Some wise words from Ben Cameron

Ben Cameron at the Doris Duke Charitable Foundation was a thought partner and the supporter of phase one of the bright spots research on the performing arts in the U.S.  (read it here).  He continues to challenge our thinking in the best way, and had the following to say about our current report and where he thinks the conversation could go from here:

This report is smart, insightful and useful.  It builds well on the research we commissioned and takes it farther.  I’d love to see more conversation on some of the points.  For example, the section on Bright Spot organizations not seeing other arts organizations as competition made me think of Barry Nailbuff’s definition of “coopetition” — cooperating to grow the pie for everyone, even while it is inevitable that they will continue to compete for a piece of it.  In my view, many performing arts groups are likely to continue to see their counterparts as competition, but the ones that are succeeding don’t let this preclude them from cooperating and sharing, and recognizing there are bigger, more important competitive forces out there.  Another point that could prompt more discussion is the issue of transparent leadership.

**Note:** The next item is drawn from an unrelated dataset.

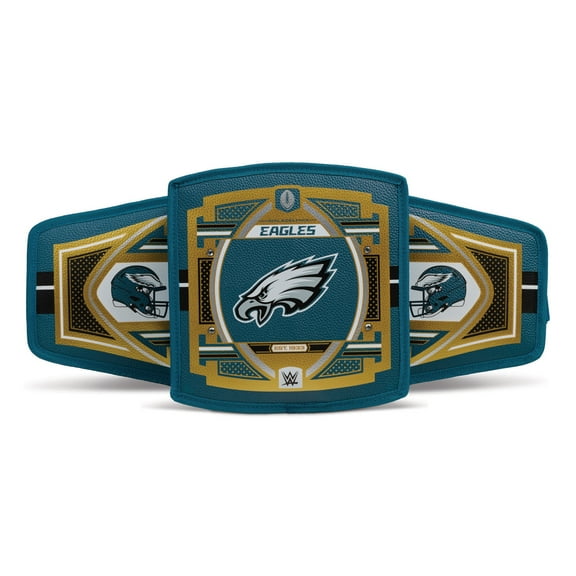 IGLOO  Philadelphia Eagles WWE Legacy Belt Cooler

Personally, I think hierarchies are often good things to some degree — someone in the rehearsal hall has to make the decision on the blocking rather than reaching consensus, and ultimately the board is the group legally responsible.  The question for me is: How do we create more porous structures that invite different ways of decision-making and participation, without losing the advantages of deep knowledge and some siloing of functions?

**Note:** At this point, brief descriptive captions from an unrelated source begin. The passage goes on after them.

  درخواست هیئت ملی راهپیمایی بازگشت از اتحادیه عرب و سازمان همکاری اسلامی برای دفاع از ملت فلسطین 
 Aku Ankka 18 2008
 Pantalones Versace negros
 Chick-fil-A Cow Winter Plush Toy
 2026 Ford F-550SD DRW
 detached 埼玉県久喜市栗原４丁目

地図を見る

2 thoughts on “Some wise words from Ben Cameron

  1. Transparency doesn’t necessarily equate with diminishing hierarchies, although some might say that strongly hierarchical structures frequently lack transparency.

    • Important distinction, Jerry, thanks. We found both transparency and less hierarchy in many of the bright spots we studied. We also found, to Ben’s point, that bright spots have very clear lines of responsibility and decision making processes, even though their structures might be “flatter.” This allows appropriate leadership to be executed at all levels of staff and Board.